Enflasyonla mücadele konusu şöyle irdelendi:
- Fiyat istikrarının sağlanması ve üretimi baskılamayan bir enflasyonla mücadele politikası gerekiyor. Enflasyonu düşürmeye yönelik politikalar tüketimi kısmak yerine, üretim ve verimliliği artırmaya odaklanmalı.
Kur yüzünden ‘zararına ihracat’ yapılıyor, bu böyle sürdürülemez
İSTANBUL Yeminli Mali Müşavirler Odası’nın (İYMMO) “2025 yılı ikinci çeyrek beklenti endeksi”nde, enerji, işçilik ve girdi maliyetlerine dönük yapısal çözümlerin özellikle sanayi ve tarım gibi üretim odaklı sektörler açısından aciliyet taşıdığı ifade edildi.
İhracatçıların yaşadığı sıkıntı ve beklentileri, endekse şöyle yansıdı:
- İhracatçı firmalar, döviz kurunun enflasyon karşısında düşük kalması nedeniyle maliyetleri karşılayamıyor ve fiyatlandırma yapamıyor.
- İhracatçılar, “Kur baskısı bizi zararına ihracata zorluyor ve bu durum sürdürülemez” diyor.
İhracatçılar çözüm önerisini şöyle aktardı:
- Rekabetçi ve öngörülebilir bir döviz kuru politikası benimsenmeli.
- Kur-enflasyon dengesi sağlanmalı.
- Döviz kazandırıcı faaliyetlere özel teşvikler verilmeli.
- Döviz kurları serbest piyasa şartlarında daha sağlıklı bir düzeyde şekillenmeli.
- Eximbank destekleri genişletilmeli ve kur riskine karşı koruma mekanizmaları güçlendirilmeli.
"Lezzet Durakları her şehrin kültürel kimliğini yansıtıyor"
TOYOTA Türkiye CEO’su ve Komite Başkanı Ali Haydar Bozkurt’un davetiyle “Uluslararası Portakal Çiçeği Karnavalı” için gittiğim Adana’da “Türkiye Kültür Yolu Festivali”nde önemli görev üstlenen Tüm Restoranlar ve Turizmciler Derneği (TÜRES) Başkanı Ramazan Bingöl’le sohbet fırsatı buldum.
Ramazan Bingöl, önce görevini tanımladı:
- “Türkiye Kültür Yolu Festivalleri”nin gastronomi tarafını ben yönetiyorum. Gastronominin kalbinin“Türkiye Kültür Yolu Festivalleri”nde atması için çalışıyoruz.

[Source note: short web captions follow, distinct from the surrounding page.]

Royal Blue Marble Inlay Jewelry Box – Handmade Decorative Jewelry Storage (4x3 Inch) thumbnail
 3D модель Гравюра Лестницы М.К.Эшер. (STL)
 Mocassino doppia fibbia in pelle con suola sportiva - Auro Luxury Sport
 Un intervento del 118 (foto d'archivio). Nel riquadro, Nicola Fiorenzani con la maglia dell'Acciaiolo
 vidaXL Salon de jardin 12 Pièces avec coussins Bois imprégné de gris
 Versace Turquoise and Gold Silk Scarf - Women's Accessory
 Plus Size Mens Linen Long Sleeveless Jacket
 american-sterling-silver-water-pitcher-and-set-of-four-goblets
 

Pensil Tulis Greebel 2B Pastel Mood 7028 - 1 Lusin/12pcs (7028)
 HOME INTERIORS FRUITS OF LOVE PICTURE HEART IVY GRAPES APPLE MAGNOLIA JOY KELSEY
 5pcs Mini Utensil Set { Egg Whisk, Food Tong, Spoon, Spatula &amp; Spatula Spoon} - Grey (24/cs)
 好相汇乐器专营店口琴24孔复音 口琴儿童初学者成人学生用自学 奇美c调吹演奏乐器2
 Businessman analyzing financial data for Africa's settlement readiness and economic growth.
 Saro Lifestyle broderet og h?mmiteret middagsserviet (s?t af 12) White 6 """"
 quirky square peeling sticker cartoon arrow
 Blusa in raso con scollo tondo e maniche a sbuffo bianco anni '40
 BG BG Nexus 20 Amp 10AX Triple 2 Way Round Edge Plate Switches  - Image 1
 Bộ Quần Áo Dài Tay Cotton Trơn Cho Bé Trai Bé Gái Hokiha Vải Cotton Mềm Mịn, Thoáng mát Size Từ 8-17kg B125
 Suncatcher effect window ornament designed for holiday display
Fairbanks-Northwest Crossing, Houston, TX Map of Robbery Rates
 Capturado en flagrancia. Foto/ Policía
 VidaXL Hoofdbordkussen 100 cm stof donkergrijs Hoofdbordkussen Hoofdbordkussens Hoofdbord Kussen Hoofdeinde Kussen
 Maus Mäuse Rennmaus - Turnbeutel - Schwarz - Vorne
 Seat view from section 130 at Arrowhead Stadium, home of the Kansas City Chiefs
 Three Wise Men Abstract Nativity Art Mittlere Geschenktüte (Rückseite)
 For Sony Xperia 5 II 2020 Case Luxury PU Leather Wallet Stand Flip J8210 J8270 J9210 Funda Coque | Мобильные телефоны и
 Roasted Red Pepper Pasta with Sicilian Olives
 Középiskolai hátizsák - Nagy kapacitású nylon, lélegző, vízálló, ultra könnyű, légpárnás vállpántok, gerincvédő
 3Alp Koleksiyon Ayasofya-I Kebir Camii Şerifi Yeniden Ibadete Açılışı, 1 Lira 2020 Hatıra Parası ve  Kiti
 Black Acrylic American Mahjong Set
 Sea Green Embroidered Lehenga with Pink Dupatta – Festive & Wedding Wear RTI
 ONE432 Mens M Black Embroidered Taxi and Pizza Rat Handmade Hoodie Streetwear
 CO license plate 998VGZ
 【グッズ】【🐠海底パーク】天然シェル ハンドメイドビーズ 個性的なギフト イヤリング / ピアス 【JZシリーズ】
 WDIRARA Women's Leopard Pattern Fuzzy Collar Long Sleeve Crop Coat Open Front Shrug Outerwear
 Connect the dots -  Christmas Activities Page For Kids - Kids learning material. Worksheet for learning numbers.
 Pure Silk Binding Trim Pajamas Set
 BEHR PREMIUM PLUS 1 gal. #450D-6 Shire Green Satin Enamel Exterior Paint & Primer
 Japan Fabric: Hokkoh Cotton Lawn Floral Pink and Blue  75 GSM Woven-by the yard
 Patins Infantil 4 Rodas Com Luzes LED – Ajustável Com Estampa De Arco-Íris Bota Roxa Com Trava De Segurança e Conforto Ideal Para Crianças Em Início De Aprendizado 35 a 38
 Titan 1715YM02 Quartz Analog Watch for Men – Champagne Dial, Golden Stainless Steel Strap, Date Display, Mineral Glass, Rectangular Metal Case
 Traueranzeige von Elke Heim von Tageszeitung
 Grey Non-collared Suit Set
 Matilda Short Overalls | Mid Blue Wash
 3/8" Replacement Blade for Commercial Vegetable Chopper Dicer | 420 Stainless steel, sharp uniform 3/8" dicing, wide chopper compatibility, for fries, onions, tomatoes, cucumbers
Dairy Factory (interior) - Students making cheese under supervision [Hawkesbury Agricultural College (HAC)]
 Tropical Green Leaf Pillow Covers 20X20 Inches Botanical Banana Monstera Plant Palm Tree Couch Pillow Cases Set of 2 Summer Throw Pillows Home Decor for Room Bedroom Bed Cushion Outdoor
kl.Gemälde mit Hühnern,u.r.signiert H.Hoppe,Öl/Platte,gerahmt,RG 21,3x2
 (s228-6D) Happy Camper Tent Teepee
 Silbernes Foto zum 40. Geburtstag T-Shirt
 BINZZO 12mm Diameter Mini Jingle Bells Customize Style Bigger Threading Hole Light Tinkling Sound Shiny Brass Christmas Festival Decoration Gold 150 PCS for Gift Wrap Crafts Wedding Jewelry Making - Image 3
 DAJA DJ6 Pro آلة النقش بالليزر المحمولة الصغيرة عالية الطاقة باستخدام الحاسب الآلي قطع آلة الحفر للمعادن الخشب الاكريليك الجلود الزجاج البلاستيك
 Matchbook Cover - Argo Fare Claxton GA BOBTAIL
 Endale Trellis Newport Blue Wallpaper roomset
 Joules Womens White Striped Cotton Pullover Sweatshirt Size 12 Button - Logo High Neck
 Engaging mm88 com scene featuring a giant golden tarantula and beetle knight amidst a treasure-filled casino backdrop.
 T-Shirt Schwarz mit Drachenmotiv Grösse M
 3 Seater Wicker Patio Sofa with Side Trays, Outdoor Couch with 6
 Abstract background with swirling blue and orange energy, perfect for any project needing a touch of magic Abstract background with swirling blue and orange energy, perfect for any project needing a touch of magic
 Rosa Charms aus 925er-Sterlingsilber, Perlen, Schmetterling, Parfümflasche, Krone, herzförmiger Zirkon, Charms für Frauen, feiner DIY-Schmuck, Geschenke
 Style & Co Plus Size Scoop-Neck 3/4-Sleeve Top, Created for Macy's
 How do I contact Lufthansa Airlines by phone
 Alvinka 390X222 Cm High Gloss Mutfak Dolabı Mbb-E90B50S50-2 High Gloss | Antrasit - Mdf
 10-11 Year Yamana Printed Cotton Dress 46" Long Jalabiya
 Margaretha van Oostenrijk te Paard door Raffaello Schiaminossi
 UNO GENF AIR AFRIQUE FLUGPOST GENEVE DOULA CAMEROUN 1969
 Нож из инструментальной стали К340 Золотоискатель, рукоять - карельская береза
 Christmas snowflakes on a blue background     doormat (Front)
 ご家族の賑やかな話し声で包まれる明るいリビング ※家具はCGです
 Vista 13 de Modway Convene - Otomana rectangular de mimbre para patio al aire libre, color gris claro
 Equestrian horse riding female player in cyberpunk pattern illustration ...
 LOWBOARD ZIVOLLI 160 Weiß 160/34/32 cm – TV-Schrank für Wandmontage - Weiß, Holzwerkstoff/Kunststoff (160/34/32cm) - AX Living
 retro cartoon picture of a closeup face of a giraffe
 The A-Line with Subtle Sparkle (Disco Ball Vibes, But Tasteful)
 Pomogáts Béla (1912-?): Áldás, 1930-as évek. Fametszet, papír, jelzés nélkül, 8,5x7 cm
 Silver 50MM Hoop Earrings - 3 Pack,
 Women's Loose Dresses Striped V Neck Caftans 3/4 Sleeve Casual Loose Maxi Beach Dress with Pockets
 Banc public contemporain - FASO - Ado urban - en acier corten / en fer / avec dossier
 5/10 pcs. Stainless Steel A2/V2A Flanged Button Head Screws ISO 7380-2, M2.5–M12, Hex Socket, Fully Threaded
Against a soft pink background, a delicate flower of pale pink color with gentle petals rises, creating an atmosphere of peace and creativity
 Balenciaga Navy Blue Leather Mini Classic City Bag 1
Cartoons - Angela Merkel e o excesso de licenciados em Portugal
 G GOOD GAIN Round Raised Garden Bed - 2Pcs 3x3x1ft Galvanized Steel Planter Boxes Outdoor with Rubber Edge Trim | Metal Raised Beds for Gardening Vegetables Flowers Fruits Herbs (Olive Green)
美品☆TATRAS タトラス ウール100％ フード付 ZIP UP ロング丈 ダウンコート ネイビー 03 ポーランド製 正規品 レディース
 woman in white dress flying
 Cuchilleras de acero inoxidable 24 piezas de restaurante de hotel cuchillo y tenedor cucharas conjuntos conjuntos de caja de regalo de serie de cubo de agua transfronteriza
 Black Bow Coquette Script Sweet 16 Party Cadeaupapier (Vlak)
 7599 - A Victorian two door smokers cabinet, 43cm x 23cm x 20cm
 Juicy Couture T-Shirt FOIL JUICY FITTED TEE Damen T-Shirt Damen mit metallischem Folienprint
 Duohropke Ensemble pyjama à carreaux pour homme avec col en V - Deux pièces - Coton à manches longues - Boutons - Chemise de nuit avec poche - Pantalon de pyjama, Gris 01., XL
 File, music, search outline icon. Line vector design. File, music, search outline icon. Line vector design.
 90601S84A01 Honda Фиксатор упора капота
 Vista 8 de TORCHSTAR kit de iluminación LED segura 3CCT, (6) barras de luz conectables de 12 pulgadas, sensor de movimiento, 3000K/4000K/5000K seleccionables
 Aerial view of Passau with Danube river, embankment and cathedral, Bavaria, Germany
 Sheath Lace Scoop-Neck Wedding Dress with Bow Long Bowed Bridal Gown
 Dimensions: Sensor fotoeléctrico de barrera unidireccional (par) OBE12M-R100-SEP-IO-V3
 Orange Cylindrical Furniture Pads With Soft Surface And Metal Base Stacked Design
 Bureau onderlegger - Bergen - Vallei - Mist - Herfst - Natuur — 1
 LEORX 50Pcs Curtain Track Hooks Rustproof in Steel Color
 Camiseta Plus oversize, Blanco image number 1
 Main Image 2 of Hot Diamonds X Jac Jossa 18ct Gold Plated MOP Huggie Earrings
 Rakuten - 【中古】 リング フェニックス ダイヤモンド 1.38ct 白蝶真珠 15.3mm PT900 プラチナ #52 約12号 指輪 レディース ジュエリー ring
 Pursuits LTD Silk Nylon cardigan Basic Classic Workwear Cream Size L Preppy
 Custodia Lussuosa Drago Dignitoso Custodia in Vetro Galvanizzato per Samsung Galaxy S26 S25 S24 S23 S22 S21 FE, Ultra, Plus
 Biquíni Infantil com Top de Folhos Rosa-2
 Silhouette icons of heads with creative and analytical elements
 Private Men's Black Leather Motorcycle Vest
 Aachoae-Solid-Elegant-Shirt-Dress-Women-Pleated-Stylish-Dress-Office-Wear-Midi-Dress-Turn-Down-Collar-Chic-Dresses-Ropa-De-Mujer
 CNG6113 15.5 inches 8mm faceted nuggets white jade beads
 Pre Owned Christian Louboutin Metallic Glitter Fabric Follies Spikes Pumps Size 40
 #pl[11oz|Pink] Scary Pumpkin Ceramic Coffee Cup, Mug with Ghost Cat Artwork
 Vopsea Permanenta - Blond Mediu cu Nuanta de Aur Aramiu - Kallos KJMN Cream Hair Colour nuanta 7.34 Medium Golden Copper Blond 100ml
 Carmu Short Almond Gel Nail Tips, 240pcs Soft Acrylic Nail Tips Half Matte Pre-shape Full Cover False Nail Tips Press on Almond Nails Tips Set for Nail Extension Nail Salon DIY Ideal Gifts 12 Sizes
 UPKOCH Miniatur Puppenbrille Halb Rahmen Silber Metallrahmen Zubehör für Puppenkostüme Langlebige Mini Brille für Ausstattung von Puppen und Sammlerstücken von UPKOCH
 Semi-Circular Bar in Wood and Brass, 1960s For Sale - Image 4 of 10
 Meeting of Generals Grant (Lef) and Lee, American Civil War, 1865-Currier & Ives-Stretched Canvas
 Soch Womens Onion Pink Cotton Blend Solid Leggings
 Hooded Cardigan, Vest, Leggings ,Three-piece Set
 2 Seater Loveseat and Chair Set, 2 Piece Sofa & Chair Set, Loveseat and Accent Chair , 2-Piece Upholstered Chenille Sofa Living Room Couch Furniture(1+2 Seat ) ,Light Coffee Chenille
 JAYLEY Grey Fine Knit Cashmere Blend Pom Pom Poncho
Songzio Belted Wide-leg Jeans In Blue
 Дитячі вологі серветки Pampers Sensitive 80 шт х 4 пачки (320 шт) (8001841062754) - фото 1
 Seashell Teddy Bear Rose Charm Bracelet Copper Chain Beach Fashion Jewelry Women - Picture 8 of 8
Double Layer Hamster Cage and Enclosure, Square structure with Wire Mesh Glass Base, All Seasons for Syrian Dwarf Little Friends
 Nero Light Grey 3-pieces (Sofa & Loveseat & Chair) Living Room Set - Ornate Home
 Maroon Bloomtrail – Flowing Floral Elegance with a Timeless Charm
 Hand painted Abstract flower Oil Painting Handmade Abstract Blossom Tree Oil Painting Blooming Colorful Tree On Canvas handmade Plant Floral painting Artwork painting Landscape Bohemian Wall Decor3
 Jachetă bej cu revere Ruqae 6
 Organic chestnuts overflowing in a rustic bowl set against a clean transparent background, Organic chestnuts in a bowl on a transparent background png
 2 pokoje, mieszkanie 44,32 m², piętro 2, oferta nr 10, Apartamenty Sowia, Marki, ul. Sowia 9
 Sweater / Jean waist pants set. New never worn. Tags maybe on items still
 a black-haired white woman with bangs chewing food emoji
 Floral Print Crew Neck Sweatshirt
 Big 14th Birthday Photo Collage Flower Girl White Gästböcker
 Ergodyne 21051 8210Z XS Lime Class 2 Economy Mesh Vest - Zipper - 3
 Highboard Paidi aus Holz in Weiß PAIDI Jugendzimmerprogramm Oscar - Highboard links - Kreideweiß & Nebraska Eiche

Kültür ve Turizm Bakanlığı işbirliği ile şehirlerde “Lezzet Durakları” belirlediklerini kaydetti:
- “Lezzet Durakları”, bulundukları kentin gastronomi kültürüne yön veren önemli temsilciler olarak öne çıkıyor.
- “Lezzet Durağı” uygulaması, her şehrin kültürel kimliğini yansıtan, özgün tatların sunulduğu restoranları belirleyerek onları birer “prestij noktası” haline getiriyor.
- Festival kapsamında öne çıkarılan geleneksel lezzetler, lokanta menülerine dahil edilerek geleceğin sofralarında da yaşamaya devam edecek kalıcı bir kültürel mirasa dönüşüyor.